Przed ostatnim sparingiem ŁKS największe szanse na podpisanie kontraktu ma napastnik Polonii Warszawa Maciej Nuckowski
Według szkoleniowców z duetu Aleksander Osipowicz - Maciej Nuckowski ten ostatni jest zdecydowanie lepiej wyszkolony technicznie i ma dużo lepsze warunki fizyczne od Białorusina.
- Jest typem napastnika, którego szukamy - mówi Grzegorz Wesołowski, drugi trener ŁKS. Jego zdaniem Nuckowski, przejawia też więcej chęci do pozostania w Łodzi od Osipowicza, który ma jeszcze ważny kontrakt z Polonią Warszawa, dlatego nie jest do końca zainteresowany przejściem do ŁKS. Gdyby nie doszło do wypożyczenia Osipowicza, niewykluczony jest powrót Jacka Kosmalskiego. - Przecież nikt nie będzie robił prezentów panu Engelowi - tłumaczy Jarosław Papis, rzecznik prasowy ŁKS.
Gdyby wrócił Kosmalski, wtedy trener Marek Chojnacki będzie miał w składzie aż sześciu napastników. Stąd pomysł, by ewentualnie wypożyczyć Bartosza Sobkowicza do Ruchu Wysokie Mazowieckie. Jest też opcja wypożyczenia Krystiana Bolimowskiego, ale pod warunkiem, że ŁKS oprócz Nuckowskiego pozyska innego napastnika.
To nie koniec zmian w składzie. Prawdopodobnie odejdzie też Tomasz Rączka, który według działaczy nie robi spodziewanych postępów.
- Szczególnie widoczne było to w ostatnich sparingach - wyjaśnia Papis. Piłkarz ma ważny kontrakt, ale będzie mógł zmienić klub za symboliczną kwotę. Wśród nowych pracodawców Rączki wymienia się Górnika Łęczyca, Pelikana Łowicz i Unię Skierniewice. - Może iść wszędzie, gdzie go będą chcieli - dodaje Papis.

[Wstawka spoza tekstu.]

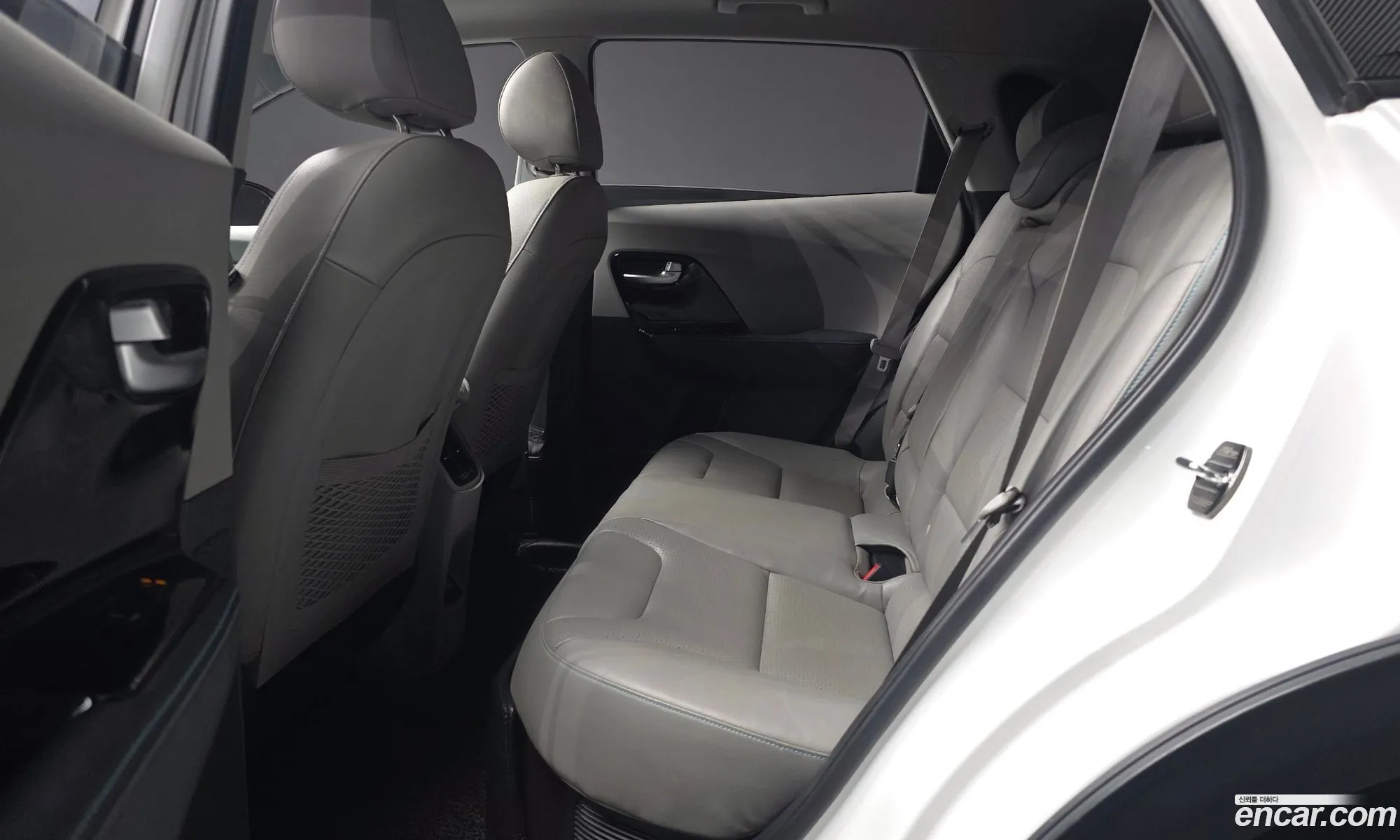 Kia Niro 2017 KNACC81CGJA087542 — 20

Działacze z al. Unii nie wykluczają, że wkrótce do zespołu dołączy kolejny nowy napastnik. Raczej nie będzie nim Krzysztof Bizacki z Odry Wodzisław. - Poprzedni klub winny jest piłkarzowi ogromne pieniądze, których nie jesteśmy w stanie za niego spłacić - mówi Papis.

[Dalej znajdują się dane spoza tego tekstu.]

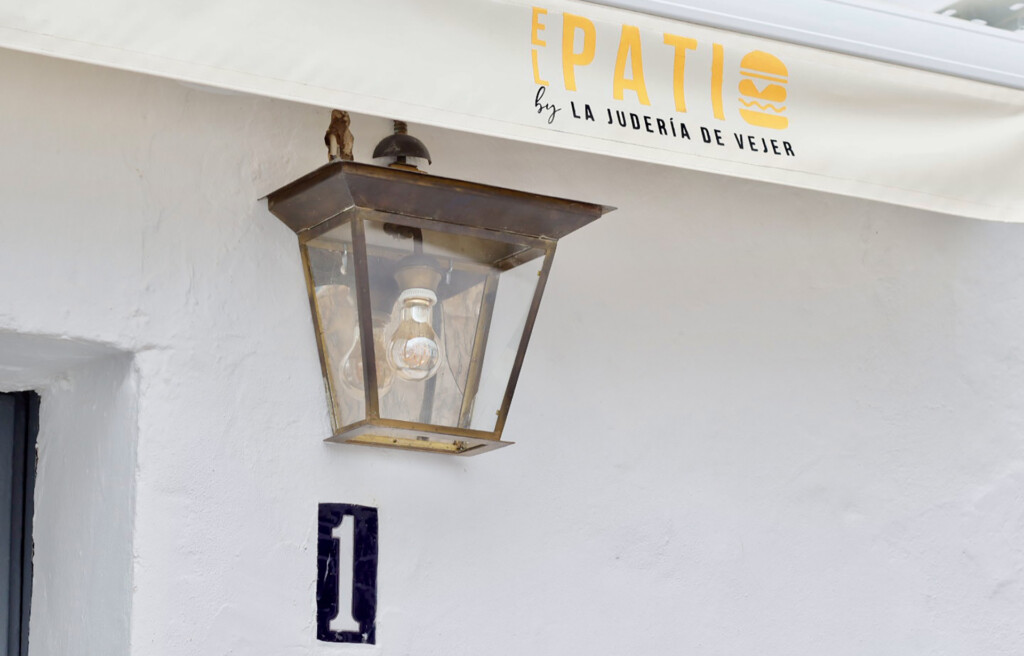El Patio está en el número 1 de la calle Santísimo, en Vejer. Foto: Milagros Molinari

Piłkarze ŁKS trenowali wczoraj dwa razy. Podczas pierwszych zajęć biegali po lesie, a po południu - odbył się trening taktyczny, w których udział wzięli wszyscy zawodnicy włącznie z kontuzjowanymi Sławomirem Słowińskim i Arkadiuszem Mysoną. Ten ostatni czuje się coraz lepiej i liczy na występ w sobotnim meczu w Katowicach z GKS.